Inquietud (16-VIII-2017)

Falda sucinta. Cortos cabellos como un ala
de golondrina. Grácil y ambigua la silueta.
Por la mañana tienes aire de colegiala
y en las tardes asumes aspectos de violeta.
         Ave, flor, colegiala; va un anhelo profundo
imantadas las manos a la triple visión;
las pobres manos huérfanas de los bienes del mundo
y que siguen clavadas en cruces de pasión.
         Manos que en los ayeres gozaron el tesoro
latente entre las blondas y obscuras cabelleras,
hoy por torcer un rizo cual sortija de oro
entre los dedos pálidos, se vuelven limosneras.
         Falda sucinta –rosa de fuego en el paisaje
nocturno que me cerca con su niebla enemiga.
Cabellos cortos –alas de golondrina en viaje
que en lejanos orientes acuestan mi fatiga.

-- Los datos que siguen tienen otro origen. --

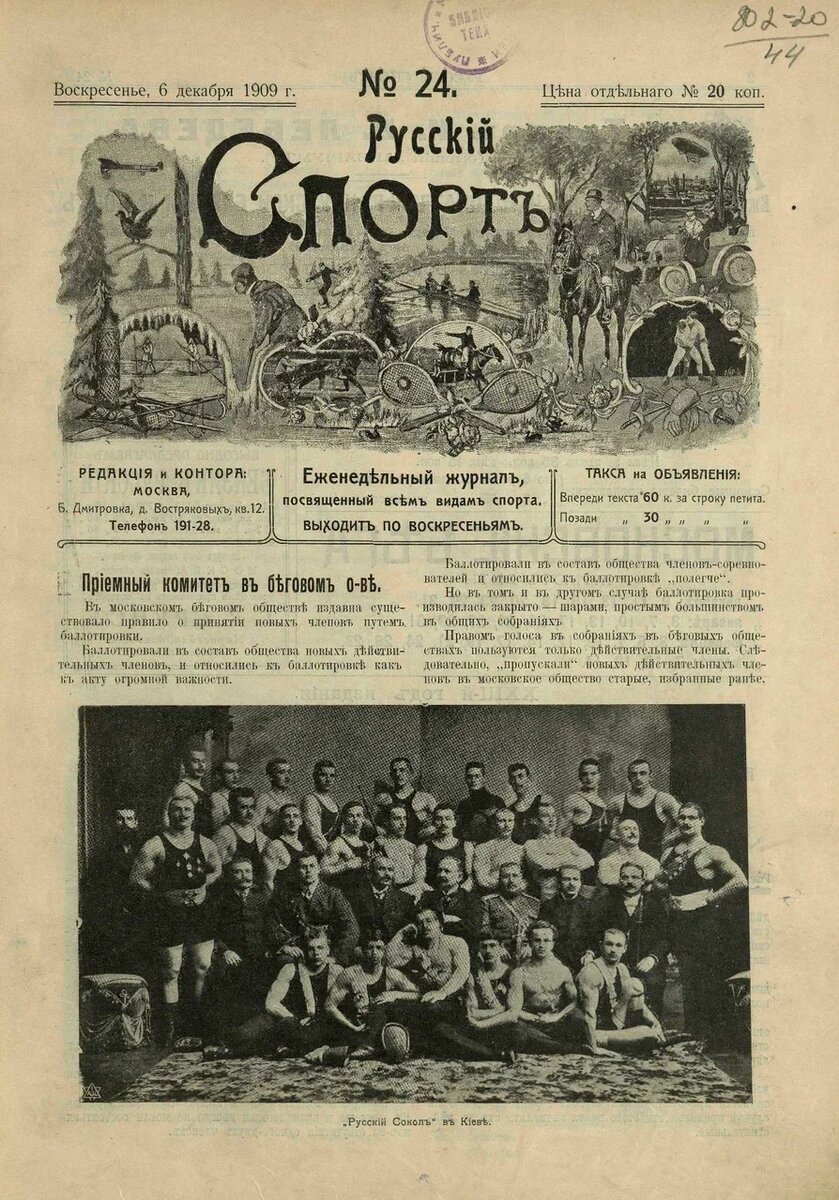 Журнал "Русский Спорт" - 6 декабря 1909 года. 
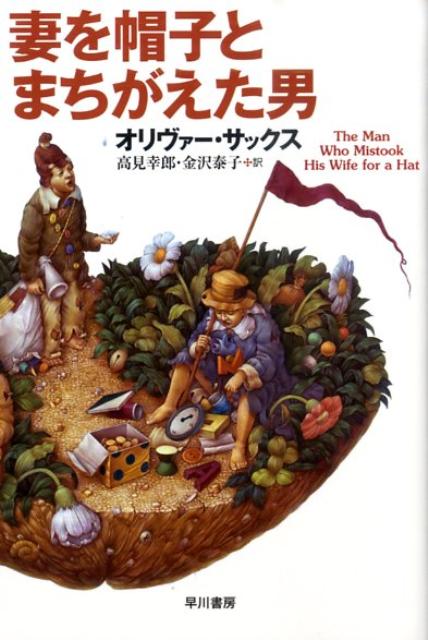 妻を帽子とまちがえた男 （ハヤカワ文庫） [ オリヴァー・サックス ]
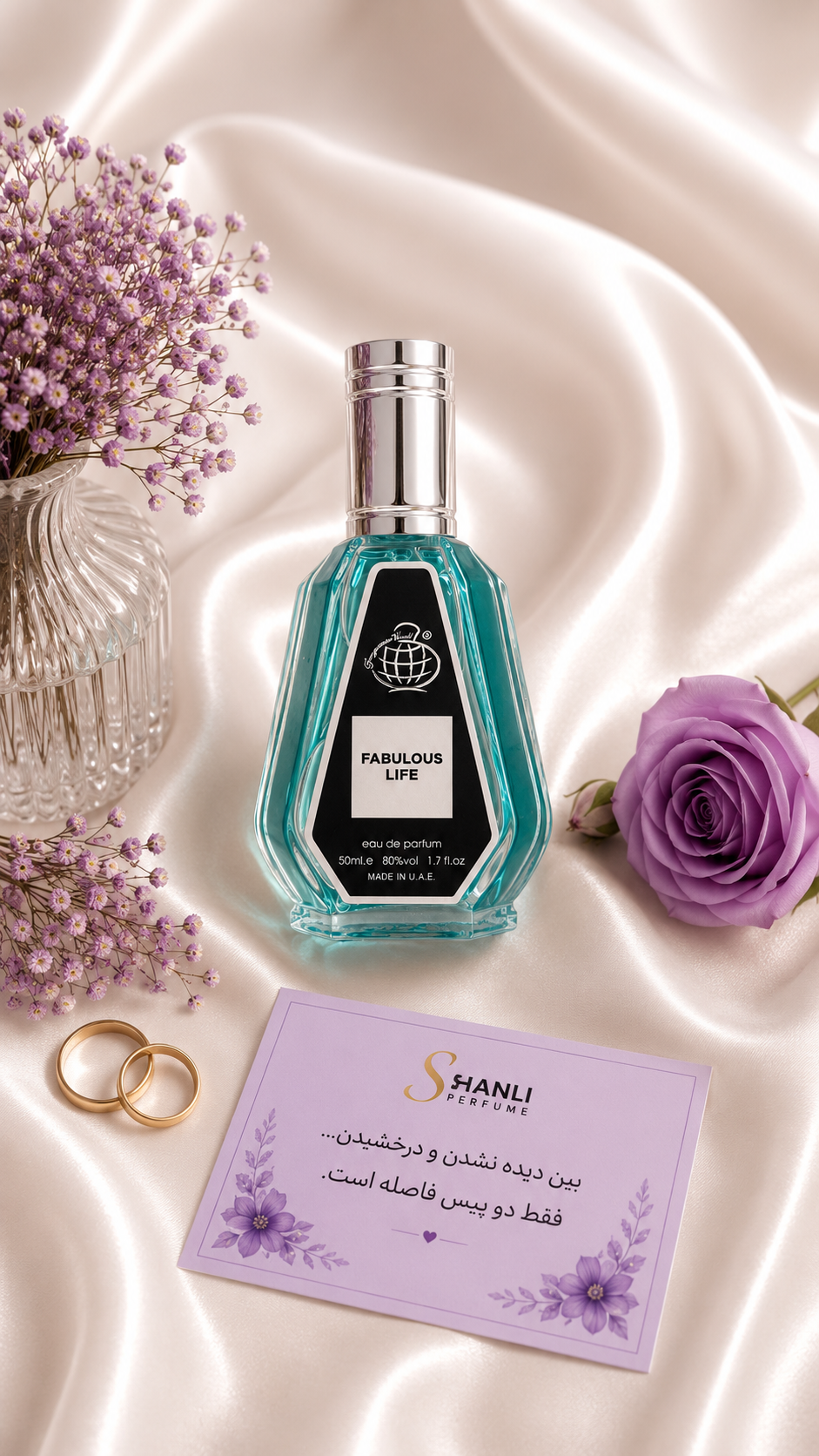 عطر ادکلن تامفورد فاکینگ فابولوس ۵۰ میل فرگرانس(فابولوس لایف)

         Ansiedad y deseo, siempre dulces venenos,
en mi copa vacía pone tu juventud
y como en doble concha colgada entre tus senos
te llevas la preciosa perla de mi quietud.
         Mientras voy por la tarde soñando en tu alborada,
ya que la vida en fuga no me escucha en su prisa,
seme un poco fraterna: como a buen camarada,
para que me acompañe, déjame una mirada,
y cuando me recuerdes, guárdame una sonrisa.